## WHAT YOU SHOULD DO
Give an exact copy of the lines from the beginning of the listing below to the "leopard puerto vallarta" line, inclusive.

## EXERCISE INPUT

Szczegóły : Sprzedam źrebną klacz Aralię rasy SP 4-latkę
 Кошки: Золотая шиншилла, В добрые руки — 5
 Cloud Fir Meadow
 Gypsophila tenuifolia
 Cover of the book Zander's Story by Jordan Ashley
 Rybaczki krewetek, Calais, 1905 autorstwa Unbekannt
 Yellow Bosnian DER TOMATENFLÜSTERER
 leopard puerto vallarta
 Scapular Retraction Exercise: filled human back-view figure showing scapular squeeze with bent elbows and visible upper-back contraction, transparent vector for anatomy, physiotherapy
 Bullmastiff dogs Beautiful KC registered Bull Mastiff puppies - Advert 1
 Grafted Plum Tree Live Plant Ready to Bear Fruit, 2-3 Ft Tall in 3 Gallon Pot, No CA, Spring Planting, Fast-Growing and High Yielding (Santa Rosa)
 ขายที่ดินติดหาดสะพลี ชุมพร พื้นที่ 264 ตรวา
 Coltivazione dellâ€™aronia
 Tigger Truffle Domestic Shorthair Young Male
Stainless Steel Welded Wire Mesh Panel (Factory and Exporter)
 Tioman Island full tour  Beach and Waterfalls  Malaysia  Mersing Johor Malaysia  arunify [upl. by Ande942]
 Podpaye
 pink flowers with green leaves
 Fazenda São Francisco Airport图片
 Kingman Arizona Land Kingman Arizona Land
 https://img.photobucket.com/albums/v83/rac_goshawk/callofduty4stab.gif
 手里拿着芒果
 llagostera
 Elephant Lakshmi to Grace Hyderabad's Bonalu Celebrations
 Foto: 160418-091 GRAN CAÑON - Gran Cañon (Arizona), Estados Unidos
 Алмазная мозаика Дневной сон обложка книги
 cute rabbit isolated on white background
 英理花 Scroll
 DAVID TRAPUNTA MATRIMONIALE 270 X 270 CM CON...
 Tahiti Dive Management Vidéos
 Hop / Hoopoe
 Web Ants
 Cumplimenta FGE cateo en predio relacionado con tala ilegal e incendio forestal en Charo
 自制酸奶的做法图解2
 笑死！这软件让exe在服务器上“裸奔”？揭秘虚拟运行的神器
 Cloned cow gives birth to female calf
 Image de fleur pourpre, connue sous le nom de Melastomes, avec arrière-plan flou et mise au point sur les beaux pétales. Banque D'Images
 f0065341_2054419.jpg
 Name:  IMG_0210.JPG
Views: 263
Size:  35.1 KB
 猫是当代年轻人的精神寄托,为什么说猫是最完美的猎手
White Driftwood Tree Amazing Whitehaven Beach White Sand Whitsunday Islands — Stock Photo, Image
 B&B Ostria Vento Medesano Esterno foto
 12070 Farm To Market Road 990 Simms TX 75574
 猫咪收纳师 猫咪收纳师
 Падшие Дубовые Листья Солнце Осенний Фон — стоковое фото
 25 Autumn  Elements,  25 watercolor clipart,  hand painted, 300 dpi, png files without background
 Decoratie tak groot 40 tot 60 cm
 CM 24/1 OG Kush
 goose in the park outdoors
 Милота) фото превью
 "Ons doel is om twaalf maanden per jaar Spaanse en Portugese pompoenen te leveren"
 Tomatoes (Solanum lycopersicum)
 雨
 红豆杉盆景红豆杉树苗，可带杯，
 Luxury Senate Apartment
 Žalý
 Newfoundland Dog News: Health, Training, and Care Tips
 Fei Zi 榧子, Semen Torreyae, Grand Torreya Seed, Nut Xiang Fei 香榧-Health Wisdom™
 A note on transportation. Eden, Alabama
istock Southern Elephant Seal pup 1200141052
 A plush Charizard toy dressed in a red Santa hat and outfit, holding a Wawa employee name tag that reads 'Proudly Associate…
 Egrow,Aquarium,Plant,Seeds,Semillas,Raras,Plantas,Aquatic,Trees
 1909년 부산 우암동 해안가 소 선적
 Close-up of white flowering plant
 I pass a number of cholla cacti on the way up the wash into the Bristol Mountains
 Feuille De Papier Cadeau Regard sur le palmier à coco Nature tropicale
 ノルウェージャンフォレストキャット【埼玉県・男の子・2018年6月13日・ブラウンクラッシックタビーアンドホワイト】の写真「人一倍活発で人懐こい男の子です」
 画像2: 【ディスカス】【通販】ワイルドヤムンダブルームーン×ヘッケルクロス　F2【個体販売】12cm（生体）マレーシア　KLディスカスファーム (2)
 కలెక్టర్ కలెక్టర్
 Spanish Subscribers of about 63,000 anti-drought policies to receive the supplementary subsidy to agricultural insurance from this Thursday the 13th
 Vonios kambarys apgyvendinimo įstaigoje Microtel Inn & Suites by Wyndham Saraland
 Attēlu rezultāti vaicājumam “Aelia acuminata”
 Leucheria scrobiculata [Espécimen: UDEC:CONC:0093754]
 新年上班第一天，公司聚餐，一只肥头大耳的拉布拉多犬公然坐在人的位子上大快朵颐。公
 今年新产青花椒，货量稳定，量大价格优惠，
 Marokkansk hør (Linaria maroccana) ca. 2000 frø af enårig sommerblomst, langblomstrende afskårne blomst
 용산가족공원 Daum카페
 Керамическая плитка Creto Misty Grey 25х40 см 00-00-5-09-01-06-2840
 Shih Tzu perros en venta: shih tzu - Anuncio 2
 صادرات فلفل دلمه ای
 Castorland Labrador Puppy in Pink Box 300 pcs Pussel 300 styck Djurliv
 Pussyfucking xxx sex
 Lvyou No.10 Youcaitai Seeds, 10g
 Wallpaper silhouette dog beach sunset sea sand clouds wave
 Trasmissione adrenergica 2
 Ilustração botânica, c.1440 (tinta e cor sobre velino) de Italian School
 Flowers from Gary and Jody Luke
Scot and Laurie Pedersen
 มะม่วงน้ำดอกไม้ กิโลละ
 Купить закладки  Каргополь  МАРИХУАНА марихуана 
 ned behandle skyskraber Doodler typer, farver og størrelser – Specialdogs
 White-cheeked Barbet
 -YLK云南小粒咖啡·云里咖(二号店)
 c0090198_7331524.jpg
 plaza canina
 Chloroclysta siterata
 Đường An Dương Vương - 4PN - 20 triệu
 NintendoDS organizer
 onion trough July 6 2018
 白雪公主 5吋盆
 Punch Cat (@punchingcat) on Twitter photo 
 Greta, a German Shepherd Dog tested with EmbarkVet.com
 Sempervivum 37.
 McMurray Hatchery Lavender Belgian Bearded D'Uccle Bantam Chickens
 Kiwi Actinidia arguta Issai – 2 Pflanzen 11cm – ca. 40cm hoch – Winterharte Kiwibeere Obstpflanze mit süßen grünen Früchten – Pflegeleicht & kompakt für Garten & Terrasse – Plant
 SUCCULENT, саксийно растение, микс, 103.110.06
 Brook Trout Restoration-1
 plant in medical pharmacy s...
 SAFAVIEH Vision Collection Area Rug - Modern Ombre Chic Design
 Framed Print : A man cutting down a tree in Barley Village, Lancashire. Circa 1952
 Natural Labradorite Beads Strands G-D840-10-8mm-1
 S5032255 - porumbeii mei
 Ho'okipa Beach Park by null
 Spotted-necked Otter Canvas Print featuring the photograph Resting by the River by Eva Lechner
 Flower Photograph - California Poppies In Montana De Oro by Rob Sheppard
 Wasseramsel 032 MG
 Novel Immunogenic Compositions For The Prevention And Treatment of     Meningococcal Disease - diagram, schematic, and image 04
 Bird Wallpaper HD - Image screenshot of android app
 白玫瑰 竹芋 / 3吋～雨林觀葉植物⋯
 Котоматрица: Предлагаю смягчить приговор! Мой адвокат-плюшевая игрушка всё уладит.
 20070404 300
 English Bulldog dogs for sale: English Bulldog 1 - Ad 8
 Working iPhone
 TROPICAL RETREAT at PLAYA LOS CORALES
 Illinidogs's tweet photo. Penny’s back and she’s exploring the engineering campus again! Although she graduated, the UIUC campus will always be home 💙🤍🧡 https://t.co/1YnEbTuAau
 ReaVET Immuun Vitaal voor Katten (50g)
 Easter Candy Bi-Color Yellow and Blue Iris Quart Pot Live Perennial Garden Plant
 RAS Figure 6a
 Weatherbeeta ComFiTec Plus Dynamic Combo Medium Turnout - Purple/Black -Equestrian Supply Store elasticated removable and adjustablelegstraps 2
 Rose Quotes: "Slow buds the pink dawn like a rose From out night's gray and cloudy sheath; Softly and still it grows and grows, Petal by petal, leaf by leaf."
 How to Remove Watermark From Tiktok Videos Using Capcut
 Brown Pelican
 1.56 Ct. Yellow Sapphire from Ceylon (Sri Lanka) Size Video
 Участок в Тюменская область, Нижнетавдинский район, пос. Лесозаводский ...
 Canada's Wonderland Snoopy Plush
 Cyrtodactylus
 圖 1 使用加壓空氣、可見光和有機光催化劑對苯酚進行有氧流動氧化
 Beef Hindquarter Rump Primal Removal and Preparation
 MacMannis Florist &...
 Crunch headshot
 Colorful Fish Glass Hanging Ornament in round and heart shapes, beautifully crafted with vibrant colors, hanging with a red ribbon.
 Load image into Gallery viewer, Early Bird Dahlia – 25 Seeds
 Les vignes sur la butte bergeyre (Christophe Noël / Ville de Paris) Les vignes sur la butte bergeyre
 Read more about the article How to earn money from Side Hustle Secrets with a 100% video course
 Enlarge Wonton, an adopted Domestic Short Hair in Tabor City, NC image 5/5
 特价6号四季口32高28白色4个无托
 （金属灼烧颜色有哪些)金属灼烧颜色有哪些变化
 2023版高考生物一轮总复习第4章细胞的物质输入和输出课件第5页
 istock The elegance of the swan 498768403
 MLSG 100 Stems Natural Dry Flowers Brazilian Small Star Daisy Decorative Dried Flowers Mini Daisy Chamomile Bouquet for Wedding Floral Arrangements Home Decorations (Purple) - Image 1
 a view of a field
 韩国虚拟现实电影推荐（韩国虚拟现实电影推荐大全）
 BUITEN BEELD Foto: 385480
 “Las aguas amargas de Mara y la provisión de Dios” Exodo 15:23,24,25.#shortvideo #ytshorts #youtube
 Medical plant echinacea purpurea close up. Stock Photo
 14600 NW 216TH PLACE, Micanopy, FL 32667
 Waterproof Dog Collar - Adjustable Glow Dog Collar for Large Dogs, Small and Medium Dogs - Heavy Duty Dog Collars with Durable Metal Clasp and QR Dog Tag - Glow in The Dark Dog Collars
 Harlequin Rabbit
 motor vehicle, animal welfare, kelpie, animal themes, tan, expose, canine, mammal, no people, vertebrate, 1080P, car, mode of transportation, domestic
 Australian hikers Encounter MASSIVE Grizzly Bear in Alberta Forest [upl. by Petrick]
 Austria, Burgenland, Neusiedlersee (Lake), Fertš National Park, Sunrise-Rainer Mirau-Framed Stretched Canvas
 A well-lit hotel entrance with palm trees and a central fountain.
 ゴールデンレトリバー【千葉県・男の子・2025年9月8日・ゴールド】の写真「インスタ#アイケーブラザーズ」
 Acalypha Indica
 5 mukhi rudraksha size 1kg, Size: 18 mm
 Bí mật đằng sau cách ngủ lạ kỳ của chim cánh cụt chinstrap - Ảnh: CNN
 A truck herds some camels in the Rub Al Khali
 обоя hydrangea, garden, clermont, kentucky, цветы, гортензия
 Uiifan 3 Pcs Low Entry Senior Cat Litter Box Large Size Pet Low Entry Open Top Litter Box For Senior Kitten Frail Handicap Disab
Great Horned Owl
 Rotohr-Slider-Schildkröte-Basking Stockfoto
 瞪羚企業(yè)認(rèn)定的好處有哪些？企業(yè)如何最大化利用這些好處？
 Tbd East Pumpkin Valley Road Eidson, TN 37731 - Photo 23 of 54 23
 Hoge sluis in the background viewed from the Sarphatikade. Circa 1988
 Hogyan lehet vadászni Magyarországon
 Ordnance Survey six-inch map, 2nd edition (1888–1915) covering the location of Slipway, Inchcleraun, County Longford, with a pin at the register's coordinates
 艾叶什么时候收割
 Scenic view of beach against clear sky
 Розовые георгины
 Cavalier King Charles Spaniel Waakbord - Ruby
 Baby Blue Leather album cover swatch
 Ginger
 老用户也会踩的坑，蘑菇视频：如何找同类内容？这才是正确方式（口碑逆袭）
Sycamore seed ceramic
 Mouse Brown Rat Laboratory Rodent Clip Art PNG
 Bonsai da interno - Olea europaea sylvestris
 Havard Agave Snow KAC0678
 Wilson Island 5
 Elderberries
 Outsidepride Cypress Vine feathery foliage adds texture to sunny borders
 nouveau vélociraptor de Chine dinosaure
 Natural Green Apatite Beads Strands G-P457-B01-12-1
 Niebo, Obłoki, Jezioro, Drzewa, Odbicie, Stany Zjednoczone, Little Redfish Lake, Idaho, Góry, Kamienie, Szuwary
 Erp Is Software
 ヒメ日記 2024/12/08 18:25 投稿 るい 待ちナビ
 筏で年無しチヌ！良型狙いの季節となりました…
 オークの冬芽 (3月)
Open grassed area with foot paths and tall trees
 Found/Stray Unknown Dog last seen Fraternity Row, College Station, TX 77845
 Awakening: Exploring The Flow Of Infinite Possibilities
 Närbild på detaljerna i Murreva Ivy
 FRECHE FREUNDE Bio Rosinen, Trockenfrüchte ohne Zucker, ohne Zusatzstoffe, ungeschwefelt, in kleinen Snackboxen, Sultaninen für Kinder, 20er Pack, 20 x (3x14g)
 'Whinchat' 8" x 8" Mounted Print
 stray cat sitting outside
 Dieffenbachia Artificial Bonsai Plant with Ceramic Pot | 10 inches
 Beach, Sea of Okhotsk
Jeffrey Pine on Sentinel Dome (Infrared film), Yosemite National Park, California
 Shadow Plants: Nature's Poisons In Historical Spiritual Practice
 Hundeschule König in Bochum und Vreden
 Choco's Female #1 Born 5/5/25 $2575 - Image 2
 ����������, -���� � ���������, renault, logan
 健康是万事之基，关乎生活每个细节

## COMPLETED TASK
Szczegóły : Sprzedam źrebną klacz Aralię rasy SP 4-latkę
 Кошки: Золотая шиншилла, В добрые руки — 5
 Cloud Fir Meadow
 Gypsophila tenuifolia
 Cover of the book Zander's Story by Jordan Ashley
 Rybaczki krewetek, Calais, 1905 autorstwa Unbekannt
 Yellow Bosnian DER TOMATENFLÜSTERER
 leopard puerto vallarta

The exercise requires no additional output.